The Preceptor had hardly given the necessary orders, when he was joined by Conrade Mont-Fitchet, who acquainted him with the Grand Master’s resolution to bring the Jewess to instant trial for sorcery.
“It is surely a dream,” said the Preceptor; “we have many Jewish physicians, and we call them not wizards though they work wonderful cures.”
“The Grand Master thinks otherwise,” said Mont-Fitchet; “and, Albert, I will be upright with thee—wizard or not, it were better that this miserable damsel die, than that Brian de Bois-Guilbert should be lost to the Order, or the Order divided by internal dissension. Thou knowest his high rank, his fame in arms—thou knowest the zeal with which many of our brethren regard him—but all this will not avail him with our Grand Master, should he consider Brian as the accomplice, not the victim, of this Jewess. Were the souls of the twelve tribes in her single body, it were better she suffered alone, than that Bois-Guilbert were partner in her destruction.”
“I have been working him even now to abandon her,” said Malvoisin; “but still, are there grounds enough to condemn this Rebecca for sorcery?—Will not the Grand Master change his mind when he sees that the proofs are so weak?”
“They must be strengthened, Albert,” replied Mont-Fitchet, “they must be strengthened. Dost thou understand me?”
“I do,” said the Preceptor, “nor do I scruple to do aught for advancement of the Order—but there is little time to find engines fitting.”
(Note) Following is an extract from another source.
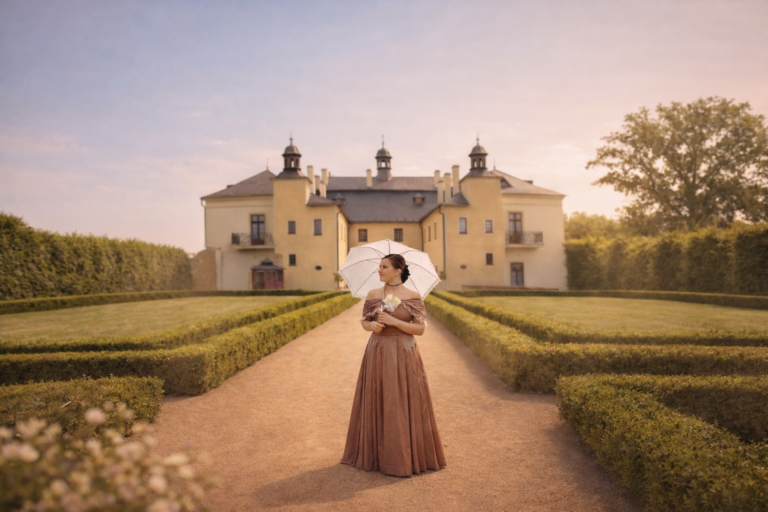 6CAC5016-A65A-40FE-8476-FA9FD2816F65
“Malvoisin, they MUST be found,” said Conrade; “well will it advantage both the Order and thee. This Templestowe is a poor Preceptory—that of Maison-Dieu is worth double its value—thou knowest my interest with our old Chief—find those who can carry this matter through, and thou art Preceptor of Maison-Dieu in the fertile Kent—How sayst thou?”
“There is,” replied Malvoisin, “among those who came hither with Bois-Guilbert, two fellows whom I well know; servants they were to my brother Philip de Malvoisin, and passed from his service to that of Front-de-Bœuf—It may be they know something of the witcheries of this woman.”
“Away, seek them out instantly—and hark thee, if a byzant or two will sharpen their memory, let them not be wanting.”
“They would swear the mother that bore them a sorceress for a zecchin,” said the Preceptor.
“Away, then,” said Mont-Fitchet; “at noon the affair will proceed. I have not seen our senior in such earnest preparation since he condemned to the stake Hamet Alfagi, a convert who relapsed to the Moslem faith.”
The ponderous castle-bell had tolled the point of noon, when Rebecca heard a trampling of feet upon the private stair which led to her place of confinement. The noise announced the arrival of several persons, and the circumstance rather gave her joy; for she was more afraid of the solitary visits of the fierce and passionate Bois-Guilbert than of any evil that could befall her besides. The door of the chamber was unlocked, and Conrade and the Preceptor Malvoisin entered, attended by four warders clothed in black, and bearing halberds.
“Daughter of an accursed race!” said the Preceptor, “arise and follow us.”
“Whither,” said Rebecca, “and for what purpose?”
“Damsel,” answered Conrade, “it is not for thee to question, but to obey. Nevertheless, be it known to thee, that thou art to be brought before the tribunal of the Grand Master of our holy Order, there to answer for thine offences.”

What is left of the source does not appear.